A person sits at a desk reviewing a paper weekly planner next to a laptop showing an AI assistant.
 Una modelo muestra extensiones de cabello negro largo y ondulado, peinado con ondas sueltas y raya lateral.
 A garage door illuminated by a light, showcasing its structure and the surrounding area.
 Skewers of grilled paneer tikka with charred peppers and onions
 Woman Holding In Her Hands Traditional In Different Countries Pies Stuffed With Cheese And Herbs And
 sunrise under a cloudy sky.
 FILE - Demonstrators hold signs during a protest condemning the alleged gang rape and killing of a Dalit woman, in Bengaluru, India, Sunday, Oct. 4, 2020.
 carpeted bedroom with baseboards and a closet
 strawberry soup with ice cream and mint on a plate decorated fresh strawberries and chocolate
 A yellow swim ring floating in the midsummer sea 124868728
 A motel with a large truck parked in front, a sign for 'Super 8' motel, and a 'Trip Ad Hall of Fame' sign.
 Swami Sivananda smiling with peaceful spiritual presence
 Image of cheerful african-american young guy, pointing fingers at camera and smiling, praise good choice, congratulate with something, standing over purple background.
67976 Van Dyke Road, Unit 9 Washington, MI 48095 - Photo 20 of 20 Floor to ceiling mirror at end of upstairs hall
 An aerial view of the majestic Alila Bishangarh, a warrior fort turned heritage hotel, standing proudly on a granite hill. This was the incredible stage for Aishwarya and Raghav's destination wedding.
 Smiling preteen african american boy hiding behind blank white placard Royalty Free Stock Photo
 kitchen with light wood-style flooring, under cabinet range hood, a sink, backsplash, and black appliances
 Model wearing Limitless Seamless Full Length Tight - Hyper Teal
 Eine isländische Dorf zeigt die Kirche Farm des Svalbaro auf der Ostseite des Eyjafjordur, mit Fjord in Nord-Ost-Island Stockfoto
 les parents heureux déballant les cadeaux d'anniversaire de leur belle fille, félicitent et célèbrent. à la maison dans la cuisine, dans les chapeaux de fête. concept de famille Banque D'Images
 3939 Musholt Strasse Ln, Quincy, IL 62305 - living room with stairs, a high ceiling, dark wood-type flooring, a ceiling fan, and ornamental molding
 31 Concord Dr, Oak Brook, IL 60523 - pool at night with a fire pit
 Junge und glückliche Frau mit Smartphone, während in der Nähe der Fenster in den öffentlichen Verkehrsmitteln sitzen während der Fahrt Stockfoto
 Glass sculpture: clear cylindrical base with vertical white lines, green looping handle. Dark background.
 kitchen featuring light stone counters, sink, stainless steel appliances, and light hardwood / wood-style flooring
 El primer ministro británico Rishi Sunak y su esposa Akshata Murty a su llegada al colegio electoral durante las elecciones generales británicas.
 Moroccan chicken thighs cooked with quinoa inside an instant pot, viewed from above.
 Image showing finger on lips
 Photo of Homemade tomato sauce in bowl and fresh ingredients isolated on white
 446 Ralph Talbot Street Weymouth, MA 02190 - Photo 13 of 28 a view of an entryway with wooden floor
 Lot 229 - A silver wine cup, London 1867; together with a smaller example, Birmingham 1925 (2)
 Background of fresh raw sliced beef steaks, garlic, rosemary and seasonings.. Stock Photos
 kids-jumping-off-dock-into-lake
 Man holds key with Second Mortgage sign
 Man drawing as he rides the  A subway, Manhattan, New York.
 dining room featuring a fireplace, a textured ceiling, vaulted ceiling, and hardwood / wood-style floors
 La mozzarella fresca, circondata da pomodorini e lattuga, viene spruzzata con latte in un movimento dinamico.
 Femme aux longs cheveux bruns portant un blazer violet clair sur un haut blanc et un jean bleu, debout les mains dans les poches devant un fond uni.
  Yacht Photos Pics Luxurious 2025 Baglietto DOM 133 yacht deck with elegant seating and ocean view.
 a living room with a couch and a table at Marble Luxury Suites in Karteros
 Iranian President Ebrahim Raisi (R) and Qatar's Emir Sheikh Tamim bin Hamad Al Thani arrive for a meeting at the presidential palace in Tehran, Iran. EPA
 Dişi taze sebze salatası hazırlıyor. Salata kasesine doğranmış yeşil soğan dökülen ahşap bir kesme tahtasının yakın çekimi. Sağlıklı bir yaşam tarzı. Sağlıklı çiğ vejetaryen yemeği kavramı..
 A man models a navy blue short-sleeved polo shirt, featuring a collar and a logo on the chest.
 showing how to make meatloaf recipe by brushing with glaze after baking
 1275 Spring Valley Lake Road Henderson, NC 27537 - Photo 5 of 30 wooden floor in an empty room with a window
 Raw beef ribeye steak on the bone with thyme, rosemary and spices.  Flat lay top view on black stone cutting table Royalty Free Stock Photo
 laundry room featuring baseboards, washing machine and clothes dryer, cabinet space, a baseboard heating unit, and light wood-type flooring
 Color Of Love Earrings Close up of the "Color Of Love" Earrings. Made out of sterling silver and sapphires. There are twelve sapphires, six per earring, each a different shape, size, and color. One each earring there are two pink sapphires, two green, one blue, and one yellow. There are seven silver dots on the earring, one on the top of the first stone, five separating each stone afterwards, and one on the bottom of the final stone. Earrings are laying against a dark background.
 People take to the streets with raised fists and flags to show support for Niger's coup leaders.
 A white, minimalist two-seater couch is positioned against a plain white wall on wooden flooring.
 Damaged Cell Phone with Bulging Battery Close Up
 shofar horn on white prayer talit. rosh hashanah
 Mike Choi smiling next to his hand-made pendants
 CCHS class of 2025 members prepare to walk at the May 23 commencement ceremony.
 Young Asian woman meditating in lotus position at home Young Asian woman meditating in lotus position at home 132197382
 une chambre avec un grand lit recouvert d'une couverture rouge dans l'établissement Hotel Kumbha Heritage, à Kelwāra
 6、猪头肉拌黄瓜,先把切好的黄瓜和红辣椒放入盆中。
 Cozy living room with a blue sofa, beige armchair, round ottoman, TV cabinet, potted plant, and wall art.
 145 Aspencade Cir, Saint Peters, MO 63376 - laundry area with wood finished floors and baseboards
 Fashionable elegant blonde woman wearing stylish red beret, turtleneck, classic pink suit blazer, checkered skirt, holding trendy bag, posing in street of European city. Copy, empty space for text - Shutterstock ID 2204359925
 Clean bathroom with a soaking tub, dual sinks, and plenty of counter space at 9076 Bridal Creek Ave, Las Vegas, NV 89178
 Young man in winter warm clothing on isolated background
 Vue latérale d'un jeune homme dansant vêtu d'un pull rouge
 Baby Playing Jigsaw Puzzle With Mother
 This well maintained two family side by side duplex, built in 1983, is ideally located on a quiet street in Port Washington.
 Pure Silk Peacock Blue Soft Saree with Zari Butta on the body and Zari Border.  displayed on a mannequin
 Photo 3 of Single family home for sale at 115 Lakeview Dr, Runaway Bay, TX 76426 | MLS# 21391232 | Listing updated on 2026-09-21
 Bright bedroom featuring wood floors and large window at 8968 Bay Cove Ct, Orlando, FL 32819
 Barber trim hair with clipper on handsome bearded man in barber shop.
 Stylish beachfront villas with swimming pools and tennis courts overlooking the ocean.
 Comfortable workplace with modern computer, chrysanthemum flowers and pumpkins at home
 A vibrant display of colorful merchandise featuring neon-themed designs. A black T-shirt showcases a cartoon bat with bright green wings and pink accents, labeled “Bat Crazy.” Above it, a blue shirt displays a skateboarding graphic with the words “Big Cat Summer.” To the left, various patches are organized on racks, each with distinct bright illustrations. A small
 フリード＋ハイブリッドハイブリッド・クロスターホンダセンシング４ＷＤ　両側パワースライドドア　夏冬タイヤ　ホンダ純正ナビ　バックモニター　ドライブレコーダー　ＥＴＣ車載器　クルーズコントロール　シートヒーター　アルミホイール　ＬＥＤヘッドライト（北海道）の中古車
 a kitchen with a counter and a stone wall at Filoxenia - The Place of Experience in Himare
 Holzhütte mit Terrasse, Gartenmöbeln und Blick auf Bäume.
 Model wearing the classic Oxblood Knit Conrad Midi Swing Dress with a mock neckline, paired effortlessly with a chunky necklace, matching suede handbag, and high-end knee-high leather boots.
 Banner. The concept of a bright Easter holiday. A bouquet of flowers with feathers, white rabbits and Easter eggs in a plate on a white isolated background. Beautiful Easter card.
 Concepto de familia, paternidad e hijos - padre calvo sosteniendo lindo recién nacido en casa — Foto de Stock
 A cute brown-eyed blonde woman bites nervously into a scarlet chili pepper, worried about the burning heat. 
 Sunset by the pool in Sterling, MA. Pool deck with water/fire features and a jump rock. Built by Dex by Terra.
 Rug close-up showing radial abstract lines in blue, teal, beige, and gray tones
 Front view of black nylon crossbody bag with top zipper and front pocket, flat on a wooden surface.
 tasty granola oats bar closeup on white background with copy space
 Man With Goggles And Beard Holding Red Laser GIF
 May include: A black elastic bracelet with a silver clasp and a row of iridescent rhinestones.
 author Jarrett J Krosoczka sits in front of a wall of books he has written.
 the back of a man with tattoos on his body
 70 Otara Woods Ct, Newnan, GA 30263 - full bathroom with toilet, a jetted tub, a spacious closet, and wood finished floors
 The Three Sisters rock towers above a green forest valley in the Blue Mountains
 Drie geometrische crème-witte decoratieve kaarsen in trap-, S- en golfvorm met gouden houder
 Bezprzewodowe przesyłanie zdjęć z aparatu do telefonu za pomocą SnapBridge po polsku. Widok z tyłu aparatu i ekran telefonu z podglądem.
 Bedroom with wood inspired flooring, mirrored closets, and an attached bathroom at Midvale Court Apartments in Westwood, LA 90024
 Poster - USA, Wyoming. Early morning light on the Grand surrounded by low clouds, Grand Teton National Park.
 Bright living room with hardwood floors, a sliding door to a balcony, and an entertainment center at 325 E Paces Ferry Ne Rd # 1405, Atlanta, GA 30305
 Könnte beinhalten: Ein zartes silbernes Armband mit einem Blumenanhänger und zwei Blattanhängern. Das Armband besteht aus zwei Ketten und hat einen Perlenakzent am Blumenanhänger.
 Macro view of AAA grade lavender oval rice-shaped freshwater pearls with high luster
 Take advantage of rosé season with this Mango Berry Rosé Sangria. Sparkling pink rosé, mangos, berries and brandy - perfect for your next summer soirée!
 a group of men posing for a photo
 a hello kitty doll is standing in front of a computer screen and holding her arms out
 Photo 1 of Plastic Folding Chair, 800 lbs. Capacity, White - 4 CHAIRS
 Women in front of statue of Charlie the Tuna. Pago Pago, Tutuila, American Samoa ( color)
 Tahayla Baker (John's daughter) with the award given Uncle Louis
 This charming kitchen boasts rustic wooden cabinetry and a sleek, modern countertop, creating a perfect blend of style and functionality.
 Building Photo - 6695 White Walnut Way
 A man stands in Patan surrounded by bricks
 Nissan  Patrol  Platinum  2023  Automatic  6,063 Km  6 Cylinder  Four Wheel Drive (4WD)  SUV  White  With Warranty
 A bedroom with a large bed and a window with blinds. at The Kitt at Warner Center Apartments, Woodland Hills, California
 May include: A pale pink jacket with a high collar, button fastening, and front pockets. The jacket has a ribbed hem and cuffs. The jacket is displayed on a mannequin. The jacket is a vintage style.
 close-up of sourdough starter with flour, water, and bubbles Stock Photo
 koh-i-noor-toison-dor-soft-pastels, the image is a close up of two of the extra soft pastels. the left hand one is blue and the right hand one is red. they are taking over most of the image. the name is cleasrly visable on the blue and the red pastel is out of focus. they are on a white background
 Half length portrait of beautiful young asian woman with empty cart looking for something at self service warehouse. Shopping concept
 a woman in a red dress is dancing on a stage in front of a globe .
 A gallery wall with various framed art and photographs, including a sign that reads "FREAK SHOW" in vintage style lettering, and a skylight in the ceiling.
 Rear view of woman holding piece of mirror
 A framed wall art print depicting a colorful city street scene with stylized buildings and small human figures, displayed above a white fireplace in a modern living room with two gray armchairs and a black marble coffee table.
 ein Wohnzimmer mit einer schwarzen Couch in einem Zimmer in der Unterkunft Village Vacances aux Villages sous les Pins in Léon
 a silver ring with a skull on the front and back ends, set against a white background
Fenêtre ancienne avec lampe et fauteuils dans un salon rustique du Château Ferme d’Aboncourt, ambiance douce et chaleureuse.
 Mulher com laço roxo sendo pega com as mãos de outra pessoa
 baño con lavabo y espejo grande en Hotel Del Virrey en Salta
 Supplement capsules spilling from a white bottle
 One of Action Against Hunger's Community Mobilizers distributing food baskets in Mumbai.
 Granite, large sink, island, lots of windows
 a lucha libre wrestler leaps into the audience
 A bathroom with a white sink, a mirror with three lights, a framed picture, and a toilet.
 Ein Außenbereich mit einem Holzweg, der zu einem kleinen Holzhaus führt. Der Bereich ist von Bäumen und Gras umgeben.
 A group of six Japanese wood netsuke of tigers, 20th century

ACTION ITEM:
For the lines above, output exactly those from the line containing "Femme aux longs" through the line containing "laundry room featuring", and skip the others.

RESPONSE AREA:
 Femme aux longs cheveux bruns portant un blazer violet clair sur un haut blanc et un jean bleu, debout les mains dans les poches devant un fond uni.
  Yacht Photos Pics Luxurious 2025 Baglietto DOM 133 yacht deck with elegant seating and ocean view.
 a living room with a couch and a table at Marble Luxury Suites in Karteros
 Iranian President Ebrahim Raisi (R) and Qatar's Emir Sheikh Tamim bin Hamad Al Thani arrive for a meeting at the presidential palace in Tehran, Iran. EPA
 Dişi taze sebze salatası hazırlıyor. Salata kasesine doğranmış yeşil soğan dökülen ahşap bir kesme tahtasının yakın çekimi. Sağlıklı bir yaşam tarzı. Sağlıklı çiğ vejetaryen yemeği kavramı..
 A man models a navy blue short-sleeved polo shirt, featuring a collar and a logo on the chest.
 showing how to make meatloaf recipe by brushing with glaze after baking
 1275 Spring Valley Lake Road Henderson, NC 27537 - Photo 5 of 30 wooden floor in an empty room with a window
 Raw beef ribeye steak on the bone with thyme, rosemary and spices.  Flat lay top view on black stone cutting table Royalty Free Stock Photo
 laundry room featuring baseboards, washing machine and clothes dryer, cabinet space, a baseboard heating unit, and light wood-type flooring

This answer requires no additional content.